Anyway, awhile back I was tinkering with some "official" settings you get off one of those fancy digital theater forums and I was left utterly..... dissatisfied with the picture.

It just didn't pop like the show demo.
So I go into the demo picture built into the TV and of course I'm immediately floored. Crisp, sharp, the colors are popping ...the picture looks absolutely unreal.

So how do I get that quality of picture at all times? Could that only be achieved with 4K HDR discs?

Calibrate me if old

Edit: fuck me the Mueller report dropped, this thread is going to die isn't it.
 

Darknight

"I'd buy that for a dollar!"
Member
Oct 25, 2017
22,806
TVs on display are set up to be with inaccurate torch mode to catch your attention. That's not how they should look when you calibrate it properly.
 

NSA

Avenger
Oct 27, 2017
3,892
You will be limited by what kind of content you feed into it. 4K UHD disks will be your best bet.. but even those depend on the film and how they're mastered.

There is some really good 4K content on YouTube, use the built in app or a console to stream it.. it's jawdropping (I had a JS9500 for a while).

Edit: Also what Darknight said.. the "POP" is usually not how movies are meant to be seen. But sometimes it does look more attractive, but the colors are all over the place.
 

MrKlaw

Member
Oct 25, 2017
33,038
Plus they're usually running slow motion panning/spinning shots of high contrast brightly coloured things - shot to look good in demos - bright flowers, sunny locations etc
 

Ushojax

Member
Oct 30, 2017
5,927
If you want to get something that burns your retinas then all you have to do is crank the contrast and backlight up.
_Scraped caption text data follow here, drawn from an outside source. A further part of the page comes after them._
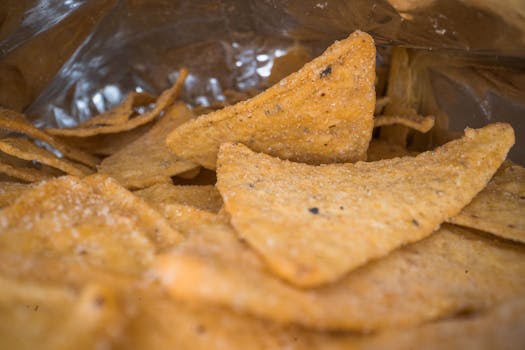 Macro shot of salted tortilla chips inside an open bag, showcasing texture.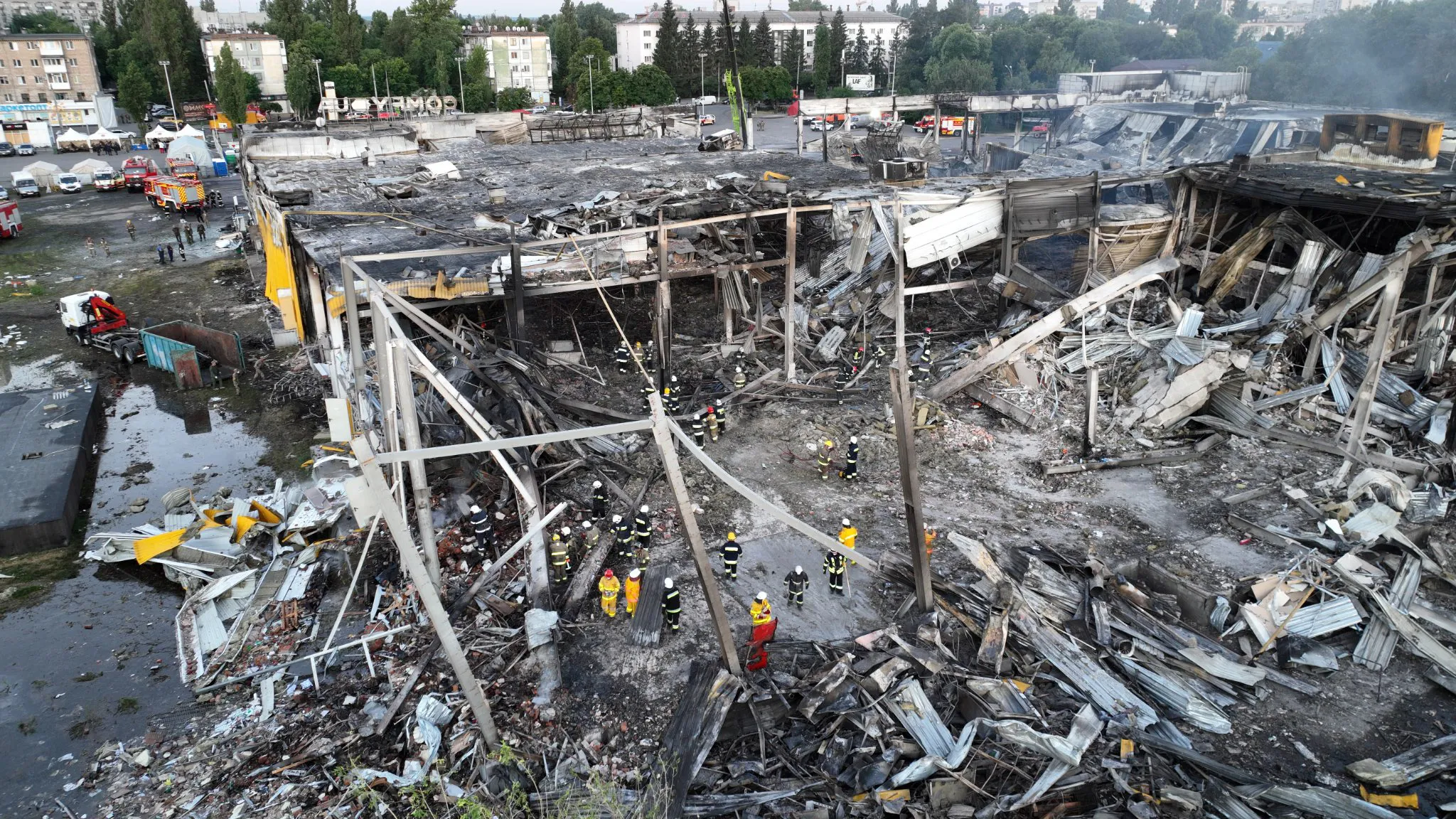 Emergency services a destroyed&nbsp;mall&nbsp;following a Russian missile attack&nbsp;in Kremenchuk&nbsp;on June 28.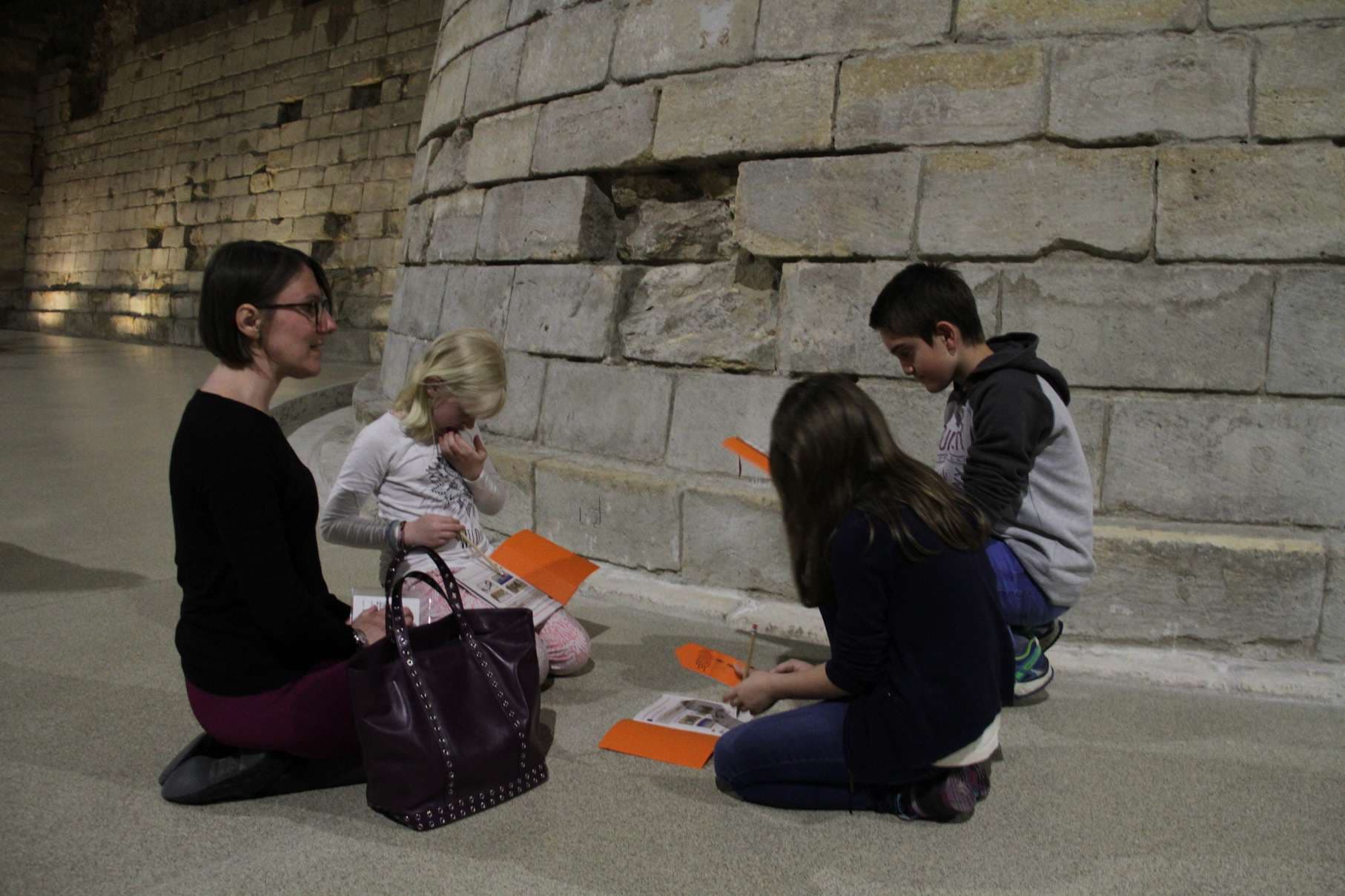 An adult and three children sit on a stone floor against ancient stone walls, examining orange educational materials together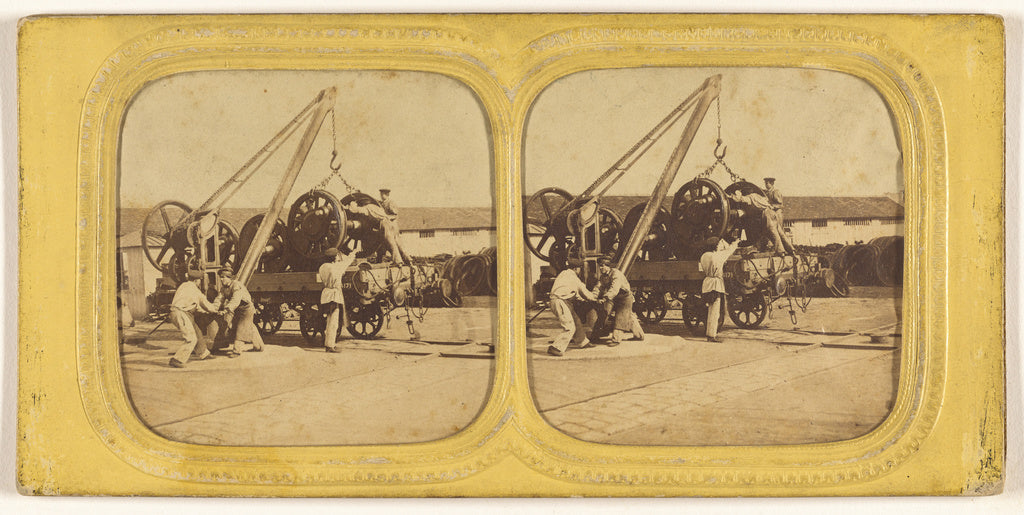 Unknown:[Men loading large iron wheels on platform], Poster Print Wall Art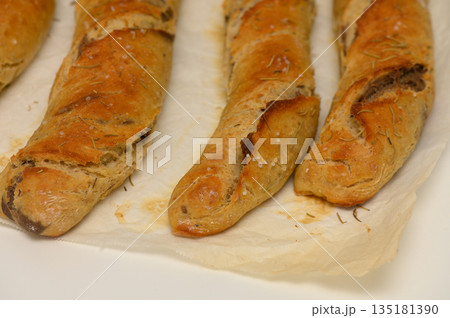 Freshly baked artisanal bread loaves emerge from the oven, showcasing a golden crust and rustic appeal in a cozy kitchen setting 135181390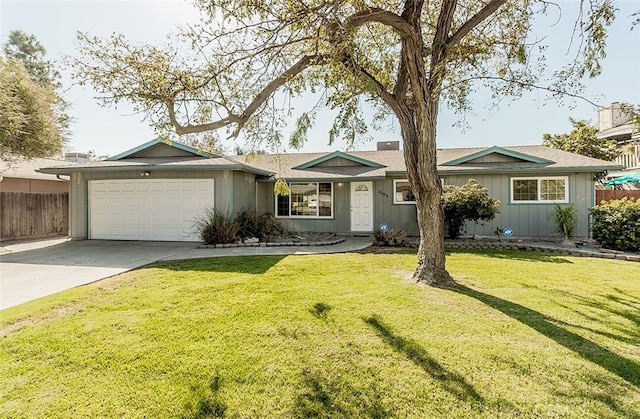 ranch-style house featuring a front yard and a garage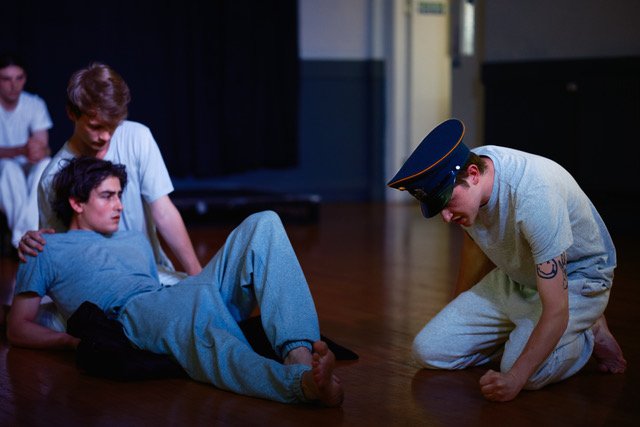Four young men, one lying on the floor, others standing or kneeling around him, in a studio.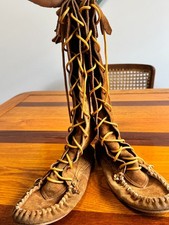 brown suede knee-high moccasin boots with fringed top and lace up closure -size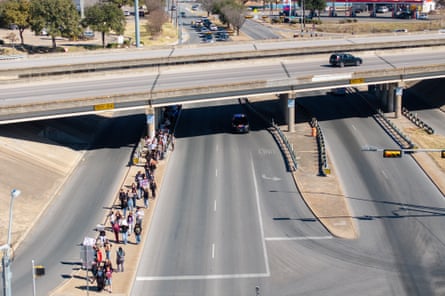 aerial view of students walking along a road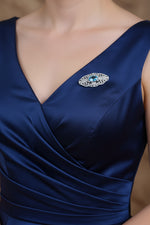 Silver filigree brooch with oval blue stone on a navy dress neckline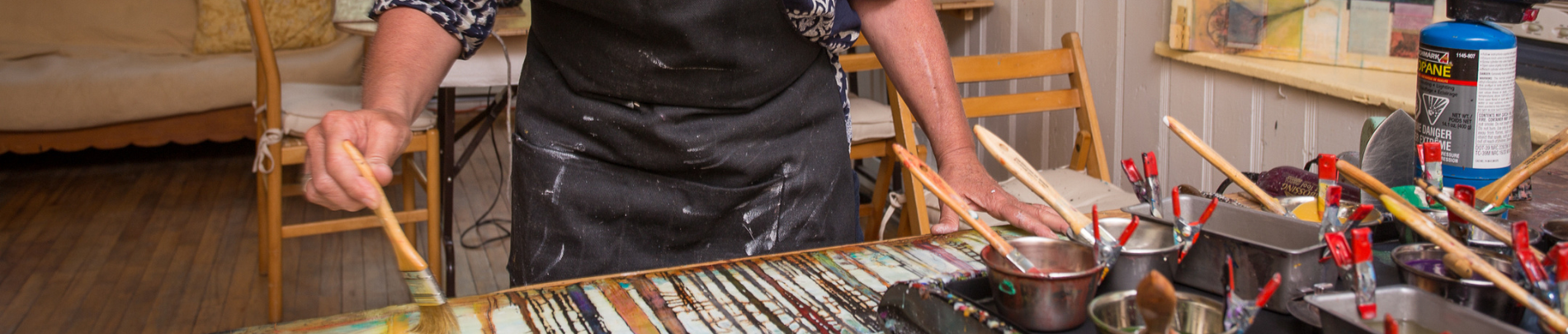 An artist wearing a black apron works on a vibrant painting using a brush, surrounded by art supplies and tools in a cozy studio.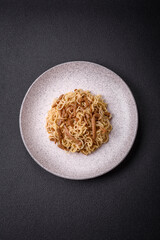 Delicious Asian cuisine dish with rice noodles, peppers, mushrooms and spices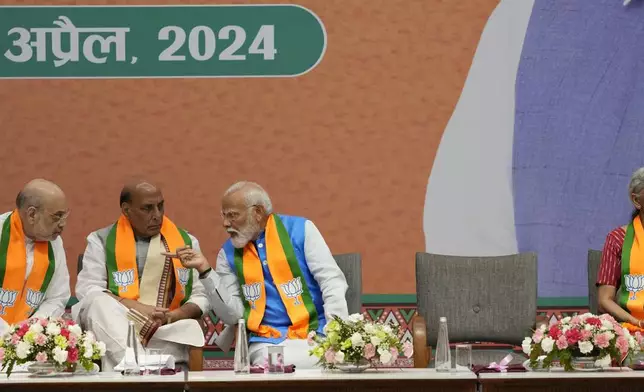 Indian prime Minister Narendra Modi, second right, talks to Bharatiya Janata Party (BJP) senior leaders and cabinet colleagues Home Minister Amit Shah, left, and Defence Minister Rajnath Singh as Finance Minister Nirmala Sitharaman, right, listens to a speaker at an event organized to release their party's manifesto for the upcoming national parliamentary elections in New Delhi, India, Sunday, April 14, 2024. Modi vowed to boost social spending, develop world-class infrastructure, and make India a global manufacturing hub as he unveiled his Hindu nationalist party's election manifesto on Sunday. (AP Photo/Manish Swarup)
Those demo modes are for display under fluorescent store lights, a natural picture wouldn't look impressive in those conditions.
 
OP
OP
TheGhost

TheGhost

Banned
Oct 25, 2017
28,137
Long Island
You will be limited by what kind of content you feed into it. 4K UHD disks will be your best bet.. but even those depend on the film and how they're mastered.

There is some really good 4K content on YouTube, use the built in app or a console to stream it.. it's jawdropping (I had a JS9500 for a while).
What about regular cable TV, like a football or basketball game I have to sit really far away or the screen looks like shit sometimes. (Like if you happen to pass right in front of the TV and pixels are blotchy almost)
 

GrizzleBoy

Banned
Oct 25, 2017
2,762
Because almost nothing you will ever watch on your TV will be the purpose made, locally fed, high bitrate media they play on those TVs in store.
 

Darknight

"I'd buy that for a dollar!"
Member
Oct 25, 2017
22,806
What about regular cable TV, like a football or basketball game I have to sit really far away or the screen looks like shit sometimes. (Like if you happen to pass right in front of the TV and pixels are blotchy almost)

Cable TV is 720p and 1080i being upscaled by your TV to 4K. It's not a native 4K source and it won't have HDR.
 

Tetsujin

Unshakable Resolve
The Fallen
Oct 27, 2017
3,464
Germany
I downloaded a few 4K HDR demos recently and they look way more eye-popping than the 4K movies I own. But that's the thing - they're demos, so they're intentionally over the top to really show off crazy visuals. Most content will not be mastered to look like that because it's supposed to look more natural.
 

NSA

Avenger
Oct 27, 2017
3,892
What about regular cable TV, like a football or basketball game I have to sit really far away or the screen looks like shit sometimes. (Like if you happen to pass right in front of the TV and pixels are blotchy almost)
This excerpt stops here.